I don't know about Montreal, but Moscow public transport uses similar paper tickets, also Mifare Ultralight, except you can get them for different number of trips. When you use your ticket, the turnstile or validator would increment those one-way counters so that the next one would know how many trips you have left. You can't do that with a QR code without either the reader or the user's device having a persistent internet connection to some sort of central server that would keep track of all tickets, which is impractical.




NJ Transit uses QR codes for all train tickets and it works well enough. It's not quite as seamless as a tap card but NJT has moved largely to mobile ticketing and they're in the odd position of having to scan tickets both at turnstiles and by train crew (handheld scanners); cards would be awkward in the latter case. The paper tickets used to have magstripes but once they adopted QR codes for the mobile app, the tickets lost the magstipe and gained a printed QR code.

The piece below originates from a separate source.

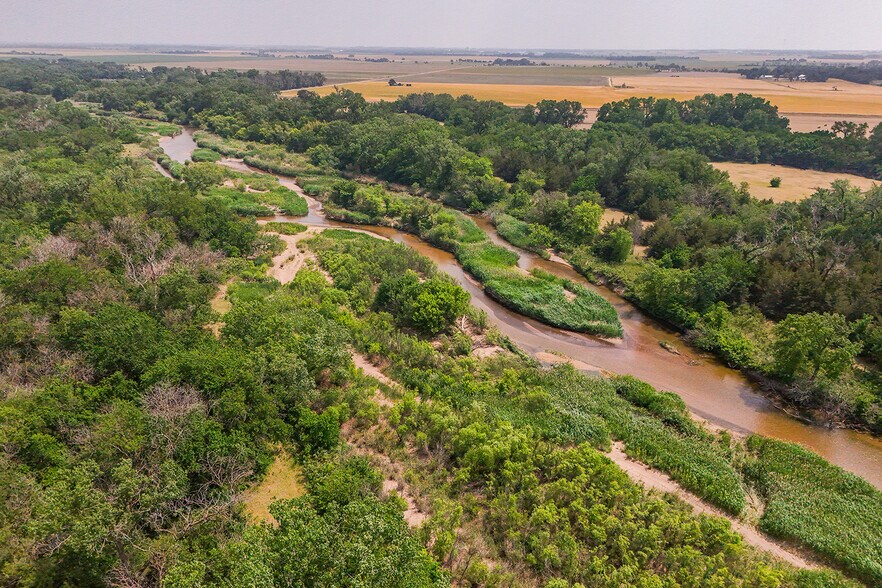 More Photos Of 9111 Long View Road, Burrton Land For Sale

So the central server model is practical. The user's device has to have an internet connection at some point to activate the ticket within a reasonable period before using it but the connection doesn't have to persist after that. I don't know how their handheld scanners work in the Hudson River tunnels where there is no cell service but they do, so long as the user activates their ticket before the train departs.


> cards would be awkward in the latter case

Do you mean it would be hard for staff to scan cards? Here in the Netherlands both qr and cards (travel cards + bank cards) can be used at stations, and are read by the staff on the train.


Once I searched how Japan do the synchronization of the data in the IC card because I can't imagine how they handle all of the traffic for millions of people especially in the rush hour.

So the solution is the transportation card is writable, and each train station acts like a small data center. They sync the data periodically to the main data center.

I think the syncing tech is getting better, Japan train companies are going to experiment with QR code soon. So read only is feasible.


> So the solution is the transportation card is writable, and each train station acts like a small data center. They sync the data periodically to the main data center.

That's also how the two subway systems I'm most familiar with do it here in Russia. In both Moscow and St Petersburg, the data stored on the refillable tickets (Troika and Podorozhnik respectively) was thoroughly reverse engineered. People who did it, of course, tried to write them too — for example, you'd make a dump, enter a station, then restore the dump with your old balance. It worked, but only for a day or two, after which the card number was added to a blacklist that all turnstiles check cards against. The conclusion was that there's a server on each station that turnstiles talk to, that syncs with some central server each night (when the subway is closed), where all system-wide transactions for the day are collated, and if anything is off, the card is blacklisted.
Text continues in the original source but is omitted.